Now we extract the function group_by:

def group_by(f, container):
    grouped = dict()
    for e in container:
        group_id = f(e)
        if group_id not in grouped:
            grouped[group_id] = [e]
            continue
        grouped[group_id].append(e)
    return grouped
res = group_by(lambda x: x//0.2, map(lambda ab[0]/ab[1], zip(seq1, seq2)))

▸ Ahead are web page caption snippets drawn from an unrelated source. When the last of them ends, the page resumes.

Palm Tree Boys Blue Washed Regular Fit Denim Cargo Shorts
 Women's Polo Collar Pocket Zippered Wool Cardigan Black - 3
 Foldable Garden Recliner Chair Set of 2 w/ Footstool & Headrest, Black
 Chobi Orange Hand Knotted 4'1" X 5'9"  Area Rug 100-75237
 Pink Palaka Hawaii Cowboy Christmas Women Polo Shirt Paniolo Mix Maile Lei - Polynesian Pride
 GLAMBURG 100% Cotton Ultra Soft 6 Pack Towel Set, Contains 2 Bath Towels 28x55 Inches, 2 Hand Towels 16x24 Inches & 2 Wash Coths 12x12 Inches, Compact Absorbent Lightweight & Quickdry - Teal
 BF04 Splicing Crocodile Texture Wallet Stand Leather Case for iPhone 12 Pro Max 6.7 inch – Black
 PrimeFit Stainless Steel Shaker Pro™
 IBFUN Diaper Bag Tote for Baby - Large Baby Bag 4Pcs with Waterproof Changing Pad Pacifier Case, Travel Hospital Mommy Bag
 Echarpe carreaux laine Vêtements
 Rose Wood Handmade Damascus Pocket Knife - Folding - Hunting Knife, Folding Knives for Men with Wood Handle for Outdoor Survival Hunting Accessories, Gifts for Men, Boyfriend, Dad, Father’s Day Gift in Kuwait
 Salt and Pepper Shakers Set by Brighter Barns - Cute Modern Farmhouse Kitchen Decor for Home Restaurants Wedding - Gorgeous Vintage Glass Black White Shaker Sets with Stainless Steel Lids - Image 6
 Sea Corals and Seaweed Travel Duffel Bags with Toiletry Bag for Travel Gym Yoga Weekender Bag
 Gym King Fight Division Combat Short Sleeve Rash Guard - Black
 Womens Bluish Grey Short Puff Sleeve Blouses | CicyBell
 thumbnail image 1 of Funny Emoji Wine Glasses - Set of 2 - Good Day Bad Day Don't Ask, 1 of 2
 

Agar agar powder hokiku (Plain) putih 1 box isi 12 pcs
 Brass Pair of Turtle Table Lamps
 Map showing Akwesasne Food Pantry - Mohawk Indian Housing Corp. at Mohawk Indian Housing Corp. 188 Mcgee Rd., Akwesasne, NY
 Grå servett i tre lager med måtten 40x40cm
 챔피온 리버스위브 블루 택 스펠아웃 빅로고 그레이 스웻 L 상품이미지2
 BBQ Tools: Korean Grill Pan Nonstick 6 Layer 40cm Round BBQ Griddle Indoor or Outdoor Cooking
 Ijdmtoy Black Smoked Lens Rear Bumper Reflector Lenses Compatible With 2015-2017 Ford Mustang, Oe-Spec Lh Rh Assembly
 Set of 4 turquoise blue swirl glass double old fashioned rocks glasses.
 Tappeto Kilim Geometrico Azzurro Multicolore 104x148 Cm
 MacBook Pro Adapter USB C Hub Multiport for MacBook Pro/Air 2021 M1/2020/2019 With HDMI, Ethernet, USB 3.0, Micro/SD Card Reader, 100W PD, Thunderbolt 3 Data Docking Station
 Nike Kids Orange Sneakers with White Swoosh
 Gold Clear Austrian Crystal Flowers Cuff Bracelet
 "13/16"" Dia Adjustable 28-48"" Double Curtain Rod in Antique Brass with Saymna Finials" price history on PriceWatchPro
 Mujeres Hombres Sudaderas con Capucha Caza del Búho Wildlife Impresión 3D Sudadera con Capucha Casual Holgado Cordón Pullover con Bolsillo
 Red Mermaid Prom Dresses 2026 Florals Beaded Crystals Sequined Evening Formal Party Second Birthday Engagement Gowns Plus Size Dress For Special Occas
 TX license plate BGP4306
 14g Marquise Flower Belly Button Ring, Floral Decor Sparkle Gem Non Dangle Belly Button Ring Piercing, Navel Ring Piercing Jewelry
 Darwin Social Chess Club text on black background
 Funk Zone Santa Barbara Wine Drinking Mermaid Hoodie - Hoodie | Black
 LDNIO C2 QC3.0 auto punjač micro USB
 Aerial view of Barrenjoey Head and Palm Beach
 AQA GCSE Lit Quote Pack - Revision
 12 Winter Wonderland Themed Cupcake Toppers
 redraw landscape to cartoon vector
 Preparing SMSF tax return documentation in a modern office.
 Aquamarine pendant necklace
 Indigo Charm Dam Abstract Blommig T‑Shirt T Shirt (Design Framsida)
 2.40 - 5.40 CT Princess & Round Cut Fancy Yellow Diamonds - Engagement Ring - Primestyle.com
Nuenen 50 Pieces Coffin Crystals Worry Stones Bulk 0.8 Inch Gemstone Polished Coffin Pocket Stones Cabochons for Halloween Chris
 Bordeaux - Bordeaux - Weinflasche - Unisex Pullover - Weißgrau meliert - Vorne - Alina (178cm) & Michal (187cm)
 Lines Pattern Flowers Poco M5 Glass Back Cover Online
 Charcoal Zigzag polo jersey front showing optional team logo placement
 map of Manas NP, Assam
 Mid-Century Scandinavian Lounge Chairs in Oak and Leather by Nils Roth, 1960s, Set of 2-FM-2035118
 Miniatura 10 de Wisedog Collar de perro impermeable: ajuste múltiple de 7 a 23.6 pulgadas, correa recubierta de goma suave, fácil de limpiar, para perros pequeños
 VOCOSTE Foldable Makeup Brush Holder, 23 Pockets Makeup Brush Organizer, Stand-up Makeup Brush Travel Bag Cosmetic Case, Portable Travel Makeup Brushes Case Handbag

Okay, it’s not at fault, however, it makes me upset —— why do I have to write these ugly codes?

Now, let us try Linq!

from linq import Flow, extension_std
seq = Flow(range(100))
res = seq.Zip(range(100, 200)).Map(lambda fst, snd : fst/snd).GroupBy(lambda num: num//0.2).Unboxed()

How does Linq.py work?

There is a core class object, linq.core.flow.Flow, which just has one member stream.
When you want to get a specific extension method from Flow object, the type of its stream member will be used to search whether the extension method exists.
In other words, extension methods are binded with the type(precisely, {type.__module__}.{type.__name__}).
class Flow:
    __slots__ = ['stream']

    def __init__(self, sequence):
        self.stream = sequence

    def __getattr__(self, k):
        for cls in self.stream.__class__.__mro__:
            namespace = Extension['{}.{}'.format(cls.__module__, cls.__name__)]
            if k in namespace:
                return partial(namespace[k], self)
        raise NameError(
            "No extension method named `{}` for {}.".format(
                k, '{}.{}'.format(object.__module__, object.__name__)))

    def __str__(self):
        return self.stream.__str__()

    def __repr__(self):
        return self.__str__()

Extension Method

Here are three methods for you to do so.

  • Firstly, you can use extension_std to add extension methods for all Flow objects.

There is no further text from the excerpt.